Broadview is served by two Metro routes: 5 and 28, and the express variants 355 and 28X. Route 5 currently operates on Aurora and Phinney/Greenwood before splitting, with half of the trips continuing straight up Greenwood Ave to serve Broadview, Bitter Lake and Shoreline, terminating at Shoreline Community College; the other half continue to Northgate via Holman Rd . Route 28 currently serves Dexter and Fremont, then jogs west to 8th Ave NW before heading up to Whittier Heights, Crown Hill and Broadview, terminating on 145th St near Aurora.
Notably, due to the absence of suitable roads, Route 28 operates three blocks west of Greenwood Ave, on 3rd Ave NW, for most of its alignment north of Crown Hill, even though no intervening terrain feature acts as a barrier. I’m not sure when this alignment was created, although it goes back at least to the 80s and streetcars existed south of 85th St on both 8th Ave NW and 3rd Ave NW.
Long-time readers can probably guess where I’m heading with this, after the jump.
Let’s look now at the ridership charts for Route 5:
This chart requires some caution to interpret, because of the distortive effects of the much-less-used Northgate tail, which joins the Shoreline tail at Holman. I have omitted data entirely for the Northgate tail, but it is not possible to separate out Northgate trip data out from Shoreline tail data south of that point. This means, for instance, that the big drop in midday loads at Holman is not “real”, i.e. does not indicate that half the people on the bus got off there. Similarly, even though there are more boardings per trip in Bitter Lake/Broadview than in Greenwood, there are actually less riders served there over the course of a day than in Greenwood due to the half-frequency.
That said, here’s what I see in the data:
- Route 5 (Shoreline) performs very well at all times, with only evening and night service to downtown carrying relatively light loads.
- Route 5 (Northgate) not so much, probably due to superior competing service from Route 75. I have omitted the data so you’ll have to take my word for it, but it’s pretty weak.
- Most stops show a steady churn of riders, particularly those at transfer points on 46th, 85th, and Holman; this precisely parallels Route 358. The only stops that are little used are those between 145th and Shoreline CC, plus those on Aurora south of the ship canal.
- Shoreline CC is a major ridership driver, particularly in the midday, surprisingly strong for an institution at a distance from major urban population centers.
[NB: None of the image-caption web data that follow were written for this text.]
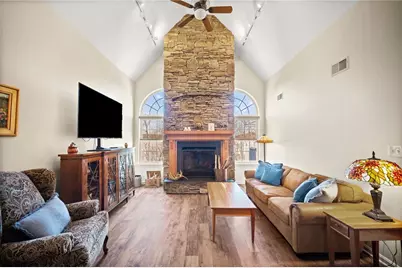 322 Woodcrest Dr, North Fayette, PA 15108 - Photo 17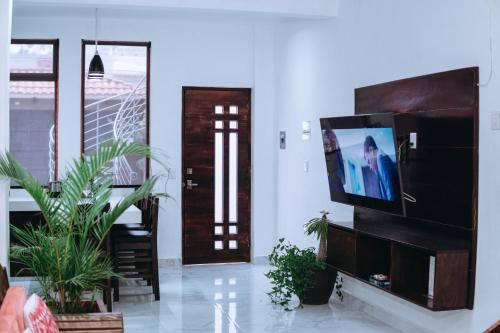 a living room with a flat screen tv on a wall at Casa Franlus apartamento 1 planta baja in San Cristóbal de Las Casas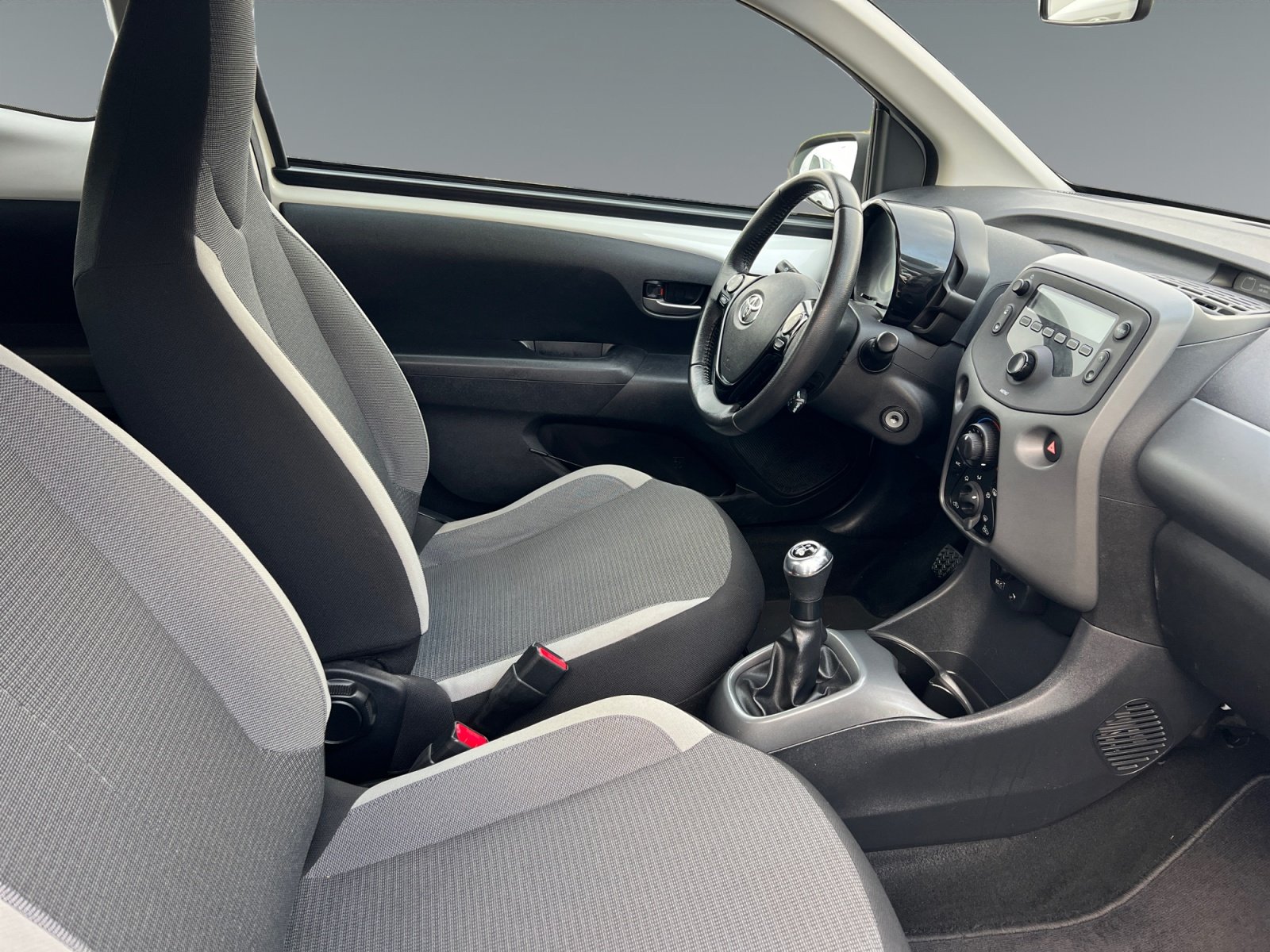 Toyota Aygo Play X-play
Without Shoreline CC, ridership in Shoreline would almost completely vanish outside the peaks, whereas with the college, only night ridership flatlines.
- Route 5 is in dire need of stop reduction, with stops often two blocks apart in Greenwood, and not much further apart to the north. Between weaving around in Greenwood and constant stops, riding the 5 any significant distance can feel interminable. With stops that close, eliminating some will lose no riders and will probably gain a significant number due to improved speed and reliability.
And for Route 28:
There is a more subtle distortion at work on this chart. Some of the morning and evening trips for Route 28 begin or end at 85th St causing the apparent plunge in morning peak ridership there. The same artifact isn’t observed in the evening, as riders presumably read the schedule or headsign before boarding, rather than engaging in a surprised mass exodus at 85th St. Note that this chart has a different scale to that of Route 5.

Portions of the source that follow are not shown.